Hacker News new | ask | show | jobs
by throwup238 667 days ago
> The court declined to dismiss copyright infringement claims against the AI companies.

That "major win" being allowed to proceed with the case at all. All they've done is clear the first hurdle meant to kill frivolous lawsuits before they get to discovery. Their other claims were dismissed:

> Claims against the companies for breach of contract and unjust enrichment, plus violations of the Digital Millennium Copyright Act for removal of information identifying intellectual property, were dismissed. The case will move forward to discovery, where the artists could uncover information related to the way in which the AI firms harvested copyrighted materials that were then used to train large language models.

3 comments

Gotta love headlines clearly altered by someone other than the writer. The lede literally says:

>Artists suing generative artificial intelligence art generators have cleared a major hurdle

Not "major win".

I'm very excited for discovery.
Didn't the Enron dataset that's now part of the Pile become public during discovery too? Some great image datasets might drop.
IANAL but documents don't become public during discovery, they only become public if they're filed with the court (unless they're sealed). The vast majority of information dredged up during discovery remains confidential.
But things like datasets are massive and structure is important. Do they retain them digitally with the same original structure or do they transform them into some kind of massive PDF?
If the experts are playing hardball then transformations of any and everything into PDFs is an effective tactic.
No. See the various state rules of civil procedure concerning the presumptive and requested form of production of electronically stored information. An example is Ariz. R. Civ. P. 26.1(c)(3).
Related, I worked at a company that had a standards body forced information sharing agreement with a competitor. One of the requirements was that documentation had to be shared.
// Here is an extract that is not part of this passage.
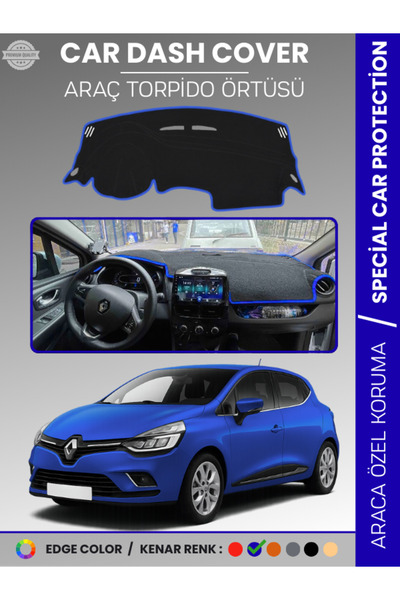 e-biz غطاء صندوق السيارة الأمامي لرينو كليو 4 (2012-2020) لحماية الصدر، حماية...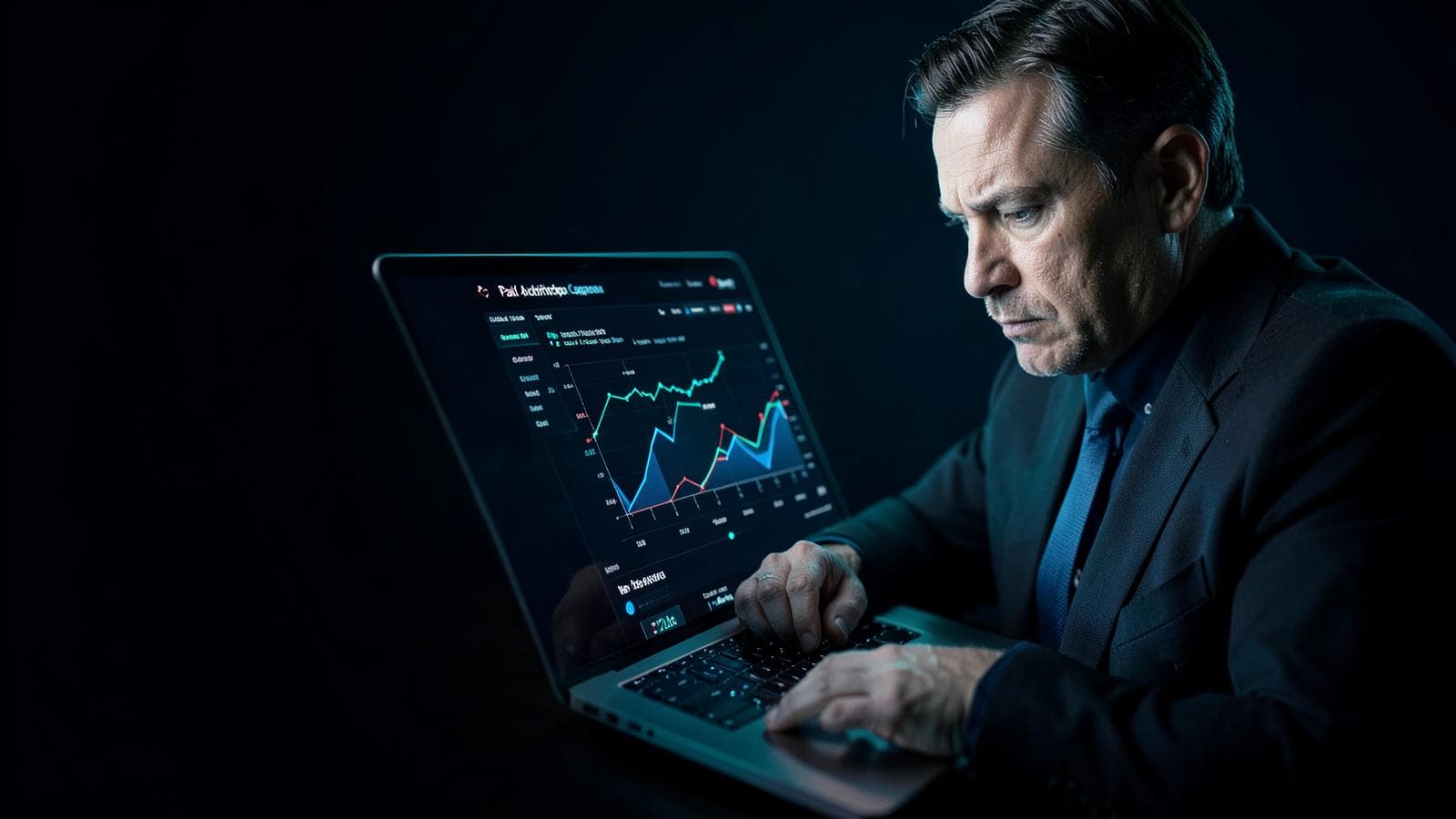Marketing specialist reviewing paid advertising performance on a laptop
Unfortunately, our documentation was a very well formatted with links and was searchable, making it easy to navigate. So in an act of malicious compliance, the few thousand page document was printed then scanned to low res, jpg artifact filled, crooked, but still legible, set of images that were shared as a fairly useless pdf.

The dataset is already public. That's the only reason they were able to file this time-wasting lawsuit anyway.
Why do you think it is time wasting? Is it because of the wasted time of all the artists having gone to the bother of producing art that can now be approximated at the press of a button?
It's a waste of time because the majority of their claims were poorly constructed, disingenuous, and subsequently thrown out.

All this has done is incentivize AI research companies to be even more closed and opaque.

And that will get them more lawsuits until some judge has had enough of their tricks and forces something drastic.
Will the plaintiffs get similar relief to the one IP holders got from Megaupload, I wonder?